In fact, $a_{1} = 2^{0}$ to $a_{n} = 2^{n-1}$ results in the lowest value that n can take in order to be able form any integer between 1 and $(2^{n} - 1)$, both inclusive.

Therefore, if $n$ is the number of digits of the upper limit of the range when written in base $2$, then $n$ terms are required to form any integers between $1$ and the upper limit.


Now if you need to find n integers such that by adding or subtracting them you should be able to form numbers, then the integers can be used in three ways - adding it, subtracting it or not using it. As there are three possibilities, this is akin to a base 3 system, where the digits are 1, 0 and -1.

From the perspective of solving these questions all you need to note is the following. Using the integers $3^{0}$ = 1, $3^{1}$ = 3 and $3^{2}$ = 9, we will be able to form all numbers from 1 to 13 (i.e., 1 + 3 + 9), as shown below.

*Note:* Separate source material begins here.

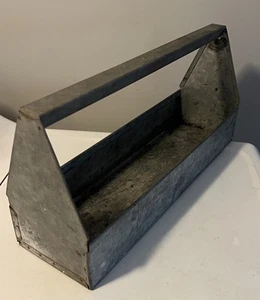 Cassetta degli attrezzi vintage in lamiera zincata con timpano fatta a mano vassoio porta attrezzi faccia aperta - Foto 1 di 7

1 = 1	2 = 3 - 1	3 = 3	4 = 3 + 1	5 = 9 - 3 - 1	6 = 9 - 3	7 = 9 - 3 + 1
8 = 9 - 1	9 = 9	10 = 9 + 1	11 = 9 + 3 - 1	12 = 9 + 3	13 = 9 + 3 + 1

Therefore, the fewest number of items we would be using is $3^{0}, 3^{1}, 3^{2}, ... , 3^{n - 1}$ to form any number between 1 and sum of all these terms from $3^{0}$ to $3^{n - 1}$, which is $\dfrac{3^n - 1}{2}$.